The Economist has two articles dealing with the increasing wealth of a section of the population in India and China. From the India article:
The Indian economy, following an unusually lavish monsoon, is growing at a rate of 7% a year or more. Economic recovery in the United States, the biggest market for India’s IT industry, has not dented American companies’ zeal for cost-cutting. Every company needs an India strategy, says Kiran Karnik, who heads Nasscom, the Indian IT industry’s lobby. Indeed, hardly a day goes by without news that a big firm is shifting to India some of its back office: software development, accounting, insurance-claims processing, call-centres and so on.
The lure is a well-educated English-speaking workforce whose wages, compared with those commanded by Americans and Britons, are peanuts. Not, however, by local standards. Rohit Kapoor, president of EXL, an outsourcing firm with three centres near Delhi, says a freshly recruited contact-centre worker may expect to earn 10,000 to 12,000 rupees a month, plus a performance-linked bonus. Mr Karnik points out that that is often pocket money, since many will continue to follow Indian custom and live at home until they marry. Opportunities for the best workers are spectacular. Mr Kapoor says that some of his managers, who have been with the company for just three or four years, are earning 150,000 rupees a month. Such sums would have been unimaginable for Indians a few years ago.
Suhel Seth, of Equus Red Cell, an advertising agency in Delhi, calls it the yuppification of India. He cites two ways in which the phenomenon is challenging Indian tradition. First, young people positively relish conspicuous consumption. They do not share the qualms felt by their parents, brought up in a climate that mixed Nehruvian socialism with ancient Hindu ideals of renunciation. Rolex, says Mr Seth, with his profession’s knack for pithy hyperbole, has replaced religion.
Second, and potentially of vast significance for a country as stratified as India, this is bringing about a second unification, in which the young and affluent across the country define themselves not just by caste, creed and language, but by a shared consumer culture, spread by television, which now reaches nearly half India’s homes.

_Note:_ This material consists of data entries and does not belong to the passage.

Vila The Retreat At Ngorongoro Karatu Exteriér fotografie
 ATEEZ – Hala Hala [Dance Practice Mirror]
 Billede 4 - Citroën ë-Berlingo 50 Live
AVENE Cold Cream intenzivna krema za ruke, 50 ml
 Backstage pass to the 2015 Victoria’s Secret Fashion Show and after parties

As a result, spending patterns are changing.
And some food for thought: “A study in 2001, which Nasscom’s Mr Karnik believes still stands, forecast that by 2008 India’s IT and other service exports would account for a third of the country’s inflows of foreign exchange. However, they would directly employ only 2m people. Thus they could absorb but a fraction even of the 2m or so English-speakers who graduate from university each year. Set that against the vastness of rural India, where 700m people must live their lives without even a whiff of a cappuccino, and the new yuppiedom still seems pretty exotic.”
Rural India needs to march ahead in tandem. That is also our India.